They won 12 games and finished ninth this year and staked themselves as a hard-running, rebounding and contested-ball outfit fronted by three key forwards — Tim Membrey, Paddy McCartin and Josh Bruce — and a group of emerging midfielders.
“Expectations definitely go up on the basis of how we finished the year off and the fact we have brought in some mature players,” Bains said.
“We are still predominantly have under 24-year-old players and that will be a challenge for them next year.”
The Saints had two aims this draft period which were 1) improve the overall draft position and 2) recruit specifically for needs — a key defender and midfielders.
“We improved our draft position over a two-year period and overwhelmingly our fan base are really happy. But general Joe Punter is still asking why have we got rid of our pick 10 (to Hawthorn),” Bains said.
“We’d say we didn’t have a second-round pick this year, but we effectively retain two first-round draft picks and come out of it with two second-round draft picks.”

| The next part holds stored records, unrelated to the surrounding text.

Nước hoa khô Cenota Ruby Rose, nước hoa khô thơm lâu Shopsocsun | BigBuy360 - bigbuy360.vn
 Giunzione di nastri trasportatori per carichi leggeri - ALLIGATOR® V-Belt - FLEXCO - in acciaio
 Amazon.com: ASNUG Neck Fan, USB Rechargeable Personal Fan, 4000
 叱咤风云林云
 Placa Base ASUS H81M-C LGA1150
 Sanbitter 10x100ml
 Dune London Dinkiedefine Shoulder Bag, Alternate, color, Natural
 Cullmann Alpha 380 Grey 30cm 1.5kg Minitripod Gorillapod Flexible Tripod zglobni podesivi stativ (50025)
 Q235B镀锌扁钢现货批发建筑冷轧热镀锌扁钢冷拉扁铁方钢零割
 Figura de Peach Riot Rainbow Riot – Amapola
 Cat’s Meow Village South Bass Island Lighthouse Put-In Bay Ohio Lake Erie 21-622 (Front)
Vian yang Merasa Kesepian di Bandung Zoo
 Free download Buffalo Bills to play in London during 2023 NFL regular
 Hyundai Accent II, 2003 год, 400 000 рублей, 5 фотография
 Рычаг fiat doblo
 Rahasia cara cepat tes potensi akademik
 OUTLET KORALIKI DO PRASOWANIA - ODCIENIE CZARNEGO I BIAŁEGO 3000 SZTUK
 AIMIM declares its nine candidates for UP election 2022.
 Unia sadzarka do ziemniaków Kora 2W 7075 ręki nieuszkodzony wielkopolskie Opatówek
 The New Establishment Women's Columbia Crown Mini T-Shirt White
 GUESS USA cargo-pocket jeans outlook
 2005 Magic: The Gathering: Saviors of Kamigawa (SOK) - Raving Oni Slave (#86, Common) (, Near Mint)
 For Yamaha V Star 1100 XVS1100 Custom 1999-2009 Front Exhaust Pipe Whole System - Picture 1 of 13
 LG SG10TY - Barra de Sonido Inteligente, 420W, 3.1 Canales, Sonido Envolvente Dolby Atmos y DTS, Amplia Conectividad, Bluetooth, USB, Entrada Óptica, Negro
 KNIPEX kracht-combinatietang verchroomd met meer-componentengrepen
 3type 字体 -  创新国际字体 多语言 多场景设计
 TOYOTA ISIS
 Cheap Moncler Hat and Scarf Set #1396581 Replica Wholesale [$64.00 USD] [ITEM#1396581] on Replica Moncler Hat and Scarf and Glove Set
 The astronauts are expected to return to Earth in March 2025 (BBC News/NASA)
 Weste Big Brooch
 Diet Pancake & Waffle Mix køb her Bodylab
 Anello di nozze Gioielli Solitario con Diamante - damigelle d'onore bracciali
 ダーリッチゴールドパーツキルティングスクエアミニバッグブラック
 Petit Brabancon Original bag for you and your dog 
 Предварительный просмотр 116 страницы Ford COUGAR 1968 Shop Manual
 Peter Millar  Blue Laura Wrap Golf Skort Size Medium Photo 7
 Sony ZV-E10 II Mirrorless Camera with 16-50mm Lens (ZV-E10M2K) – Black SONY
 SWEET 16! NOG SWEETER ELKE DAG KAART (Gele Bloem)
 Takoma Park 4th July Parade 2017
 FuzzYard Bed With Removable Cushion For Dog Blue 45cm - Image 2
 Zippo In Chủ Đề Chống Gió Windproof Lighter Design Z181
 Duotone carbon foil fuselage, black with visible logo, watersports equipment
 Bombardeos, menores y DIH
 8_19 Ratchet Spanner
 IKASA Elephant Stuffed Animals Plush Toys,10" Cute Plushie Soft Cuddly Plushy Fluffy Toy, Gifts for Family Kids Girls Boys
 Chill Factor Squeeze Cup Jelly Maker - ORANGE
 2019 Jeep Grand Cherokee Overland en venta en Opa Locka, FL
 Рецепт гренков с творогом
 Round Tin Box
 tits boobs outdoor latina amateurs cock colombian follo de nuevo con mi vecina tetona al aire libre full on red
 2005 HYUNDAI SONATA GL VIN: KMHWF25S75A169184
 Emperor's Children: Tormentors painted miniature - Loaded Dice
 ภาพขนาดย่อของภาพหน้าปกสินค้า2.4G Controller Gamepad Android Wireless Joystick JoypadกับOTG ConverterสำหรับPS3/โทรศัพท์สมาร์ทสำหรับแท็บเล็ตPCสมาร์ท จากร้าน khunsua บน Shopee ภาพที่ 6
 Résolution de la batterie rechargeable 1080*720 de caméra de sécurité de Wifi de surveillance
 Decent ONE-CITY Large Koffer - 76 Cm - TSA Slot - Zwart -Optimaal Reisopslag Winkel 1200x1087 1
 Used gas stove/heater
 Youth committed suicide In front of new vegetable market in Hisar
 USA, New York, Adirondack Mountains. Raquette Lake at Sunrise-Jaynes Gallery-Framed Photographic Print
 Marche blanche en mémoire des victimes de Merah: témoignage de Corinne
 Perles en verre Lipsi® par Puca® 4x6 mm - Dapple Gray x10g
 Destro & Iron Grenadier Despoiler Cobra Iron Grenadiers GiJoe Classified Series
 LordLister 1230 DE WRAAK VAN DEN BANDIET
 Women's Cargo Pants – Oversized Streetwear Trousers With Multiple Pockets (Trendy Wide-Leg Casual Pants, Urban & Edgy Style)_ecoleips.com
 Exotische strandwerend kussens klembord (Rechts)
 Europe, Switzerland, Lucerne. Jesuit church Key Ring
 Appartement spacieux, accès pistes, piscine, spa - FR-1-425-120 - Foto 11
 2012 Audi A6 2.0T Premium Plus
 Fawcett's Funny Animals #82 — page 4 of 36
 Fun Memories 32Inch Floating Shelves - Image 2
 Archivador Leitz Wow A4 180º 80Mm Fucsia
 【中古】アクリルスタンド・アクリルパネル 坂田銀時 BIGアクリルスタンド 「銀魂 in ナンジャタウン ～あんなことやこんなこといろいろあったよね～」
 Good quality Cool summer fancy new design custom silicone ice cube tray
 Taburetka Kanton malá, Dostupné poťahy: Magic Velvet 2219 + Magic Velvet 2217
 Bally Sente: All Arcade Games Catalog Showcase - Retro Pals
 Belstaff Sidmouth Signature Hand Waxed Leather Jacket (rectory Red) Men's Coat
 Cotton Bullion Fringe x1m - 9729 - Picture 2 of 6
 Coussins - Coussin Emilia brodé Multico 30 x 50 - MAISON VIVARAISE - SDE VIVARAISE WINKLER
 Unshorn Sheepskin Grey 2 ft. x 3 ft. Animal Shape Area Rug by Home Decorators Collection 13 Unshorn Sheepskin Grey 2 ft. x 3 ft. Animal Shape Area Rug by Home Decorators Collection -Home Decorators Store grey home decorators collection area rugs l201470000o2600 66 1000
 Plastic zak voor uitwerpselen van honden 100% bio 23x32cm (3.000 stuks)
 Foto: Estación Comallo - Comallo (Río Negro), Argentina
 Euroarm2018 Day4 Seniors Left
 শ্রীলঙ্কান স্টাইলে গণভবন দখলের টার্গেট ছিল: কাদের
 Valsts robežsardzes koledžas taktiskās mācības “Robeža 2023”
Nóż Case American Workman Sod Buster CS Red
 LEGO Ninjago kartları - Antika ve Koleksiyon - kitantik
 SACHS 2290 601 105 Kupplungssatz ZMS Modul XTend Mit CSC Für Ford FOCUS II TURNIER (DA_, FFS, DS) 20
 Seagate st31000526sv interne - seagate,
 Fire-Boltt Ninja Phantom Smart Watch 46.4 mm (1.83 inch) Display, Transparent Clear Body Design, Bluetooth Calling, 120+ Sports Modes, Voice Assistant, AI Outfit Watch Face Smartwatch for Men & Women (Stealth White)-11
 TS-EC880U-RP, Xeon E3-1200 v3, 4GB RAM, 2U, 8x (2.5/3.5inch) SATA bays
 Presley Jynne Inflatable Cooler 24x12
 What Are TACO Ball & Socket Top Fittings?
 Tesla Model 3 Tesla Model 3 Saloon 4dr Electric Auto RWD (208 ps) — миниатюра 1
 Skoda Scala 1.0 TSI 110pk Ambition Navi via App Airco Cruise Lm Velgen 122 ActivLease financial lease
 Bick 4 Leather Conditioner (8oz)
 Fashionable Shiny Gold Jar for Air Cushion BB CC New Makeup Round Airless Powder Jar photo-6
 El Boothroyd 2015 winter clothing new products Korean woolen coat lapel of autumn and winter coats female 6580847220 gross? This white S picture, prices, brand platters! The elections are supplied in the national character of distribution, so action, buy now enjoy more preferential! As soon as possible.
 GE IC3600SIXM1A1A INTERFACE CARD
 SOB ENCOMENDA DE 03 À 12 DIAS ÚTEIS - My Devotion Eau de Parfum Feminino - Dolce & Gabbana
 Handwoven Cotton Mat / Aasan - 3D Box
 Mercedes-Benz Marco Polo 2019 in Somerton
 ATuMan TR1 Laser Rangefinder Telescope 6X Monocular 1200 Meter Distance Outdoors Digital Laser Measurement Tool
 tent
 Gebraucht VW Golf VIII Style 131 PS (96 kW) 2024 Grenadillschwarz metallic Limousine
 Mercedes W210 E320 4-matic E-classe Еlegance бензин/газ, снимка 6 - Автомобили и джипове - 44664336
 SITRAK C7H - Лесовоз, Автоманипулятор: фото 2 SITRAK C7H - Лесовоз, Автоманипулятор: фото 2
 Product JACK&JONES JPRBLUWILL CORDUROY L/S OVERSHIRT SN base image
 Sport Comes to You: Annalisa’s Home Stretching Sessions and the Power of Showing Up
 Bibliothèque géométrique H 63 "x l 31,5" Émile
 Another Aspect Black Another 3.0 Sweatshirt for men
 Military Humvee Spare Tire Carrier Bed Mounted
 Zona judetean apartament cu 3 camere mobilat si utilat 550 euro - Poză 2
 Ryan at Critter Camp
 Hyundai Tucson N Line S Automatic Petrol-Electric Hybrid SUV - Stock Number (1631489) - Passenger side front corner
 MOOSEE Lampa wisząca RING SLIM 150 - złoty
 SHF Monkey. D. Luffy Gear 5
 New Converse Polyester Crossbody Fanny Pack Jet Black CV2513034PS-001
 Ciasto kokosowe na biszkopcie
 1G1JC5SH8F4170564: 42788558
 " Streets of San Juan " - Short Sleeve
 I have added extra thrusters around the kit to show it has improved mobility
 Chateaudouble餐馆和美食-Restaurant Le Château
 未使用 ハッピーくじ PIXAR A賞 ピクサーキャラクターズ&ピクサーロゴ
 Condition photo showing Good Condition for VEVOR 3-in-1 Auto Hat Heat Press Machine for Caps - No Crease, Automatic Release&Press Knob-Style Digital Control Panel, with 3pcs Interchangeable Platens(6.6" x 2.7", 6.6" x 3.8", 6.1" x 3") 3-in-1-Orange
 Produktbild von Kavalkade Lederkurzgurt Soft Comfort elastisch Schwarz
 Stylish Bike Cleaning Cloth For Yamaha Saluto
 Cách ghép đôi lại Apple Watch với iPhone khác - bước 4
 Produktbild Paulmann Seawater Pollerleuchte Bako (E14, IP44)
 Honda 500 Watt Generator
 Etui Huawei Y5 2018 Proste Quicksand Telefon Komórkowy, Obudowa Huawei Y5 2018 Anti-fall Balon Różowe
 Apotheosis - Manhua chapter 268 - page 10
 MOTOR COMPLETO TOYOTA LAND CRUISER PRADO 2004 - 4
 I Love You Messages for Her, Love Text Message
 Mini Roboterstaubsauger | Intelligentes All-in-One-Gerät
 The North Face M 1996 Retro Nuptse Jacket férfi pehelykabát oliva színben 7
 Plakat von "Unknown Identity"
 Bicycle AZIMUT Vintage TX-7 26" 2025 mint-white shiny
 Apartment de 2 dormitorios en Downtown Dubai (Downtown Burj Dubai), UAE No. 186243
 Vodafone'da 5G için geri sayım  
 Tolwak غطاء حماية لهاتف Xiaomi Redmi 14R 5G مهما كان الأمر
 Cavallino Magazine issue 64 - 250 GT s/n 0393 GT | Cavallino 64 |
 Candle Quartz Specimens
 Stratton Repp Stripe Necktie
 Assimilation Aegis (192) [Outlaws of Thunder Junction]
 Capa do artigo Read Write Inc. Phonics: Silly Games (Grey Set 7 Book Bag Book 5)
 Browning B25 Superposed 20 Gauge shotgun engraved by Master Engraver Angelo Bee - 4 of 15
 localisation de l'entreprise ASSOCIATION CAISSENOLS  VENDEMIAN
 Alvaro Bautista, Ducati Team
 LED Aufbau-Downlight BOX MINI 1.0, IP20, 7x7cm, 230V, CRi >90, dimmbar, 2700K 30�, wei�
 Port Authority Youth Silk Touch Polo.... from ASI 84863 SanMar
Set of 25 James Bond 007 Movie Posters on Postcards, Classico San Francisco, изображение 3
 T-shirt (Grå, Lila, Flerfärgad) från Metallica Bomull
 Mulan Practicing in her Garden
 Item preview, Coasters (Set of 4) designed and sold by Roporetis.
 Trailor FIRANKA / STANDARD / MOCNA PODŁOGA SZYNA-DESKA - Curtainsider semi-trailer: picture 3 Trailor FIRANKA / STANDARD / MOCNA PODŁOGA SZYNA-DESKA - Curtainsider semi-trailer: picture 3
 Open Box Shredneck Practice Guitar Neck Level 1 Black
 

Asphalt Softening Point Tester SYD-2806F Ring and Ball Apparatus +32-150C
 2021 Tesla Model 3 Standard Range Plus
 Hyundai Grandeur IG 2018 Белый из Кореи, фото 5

Jake Carlisle looms as the prized pick-up and will replace Sam Fisher, who is battling to get another contract.
Brown is handy, but not Alex Rance, but will be a big body and the highly-rated Steele, 20, and aggressive Stevens, 25, will slot into the midfield.
Fisher is one of five players out of contract with Eli Templeton, Brodie Murdoch, Tom Lee and Cameron Shenton.
This successful October means the careers of three or four of them will be over.